Iraqi Kurdistan: Law Banning FGM a Positive Step
|Publisher||Human Rights Watch|
|Publication Date||25 July 2011|
|Cite as||Human Rights Watch, Iraqi Kurdistan: Law Banning FGM a Positive Step, 25 July 2011, available at: http://www.refworld.org/docid/4e5369352.html [accessed 31 July 2015]|
A Kurdistan Regional Government (KRG) law that bans female genital mutilation (FGM) is a crucial step in eradicating the practice, Human Rights Watch said today. The Family Violence Bill, approved by the Kurdistan parliament on June 21, 2011, includes several provisions criminalizing the practice, recognized internationally as a form of violence against women.
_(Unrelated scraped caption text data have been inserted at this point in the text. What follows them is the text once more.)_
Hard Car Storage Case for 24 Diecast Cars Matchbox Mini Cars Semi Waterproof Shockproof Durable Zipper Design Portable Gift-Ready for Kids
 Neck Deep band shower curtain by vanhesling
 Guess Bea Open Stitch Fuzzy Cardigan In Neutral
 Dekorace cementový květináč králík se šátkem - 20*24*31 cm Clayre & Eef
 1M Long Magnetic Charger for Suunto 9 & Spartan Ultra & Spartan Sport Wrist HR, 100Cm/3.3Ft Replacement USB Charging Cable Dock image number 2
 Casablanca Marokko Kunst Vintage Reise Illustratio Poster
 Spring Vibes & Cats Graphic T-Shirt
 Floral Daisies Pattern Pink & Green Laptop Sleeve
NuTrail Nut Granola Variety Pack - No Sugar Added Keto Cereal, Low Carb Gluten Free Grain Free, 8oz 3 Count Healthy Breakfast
Several studies by the government and non-governmental organizations estimate that the prevalence of FGM among girls and women in Kurdistan is at least 40 percent.
"By passing this law, the Kurdistan regional government has shown its resolve to end female genital mutilation and to protect the rights of women and girls," said Nadya Khalife, Middle East women's rights researcher at Human Rights Watch. "But the government needs a long-term strategy to deal with this harmful practice because criminalizing it is not enough."
The Family Violence Bill also criminalizes forced and child marriages, verbal, physical, and psychological abuse of girls and women, child abuse, and child labor. The bill has to be ratified by the president of the Kurdistan Regional Government.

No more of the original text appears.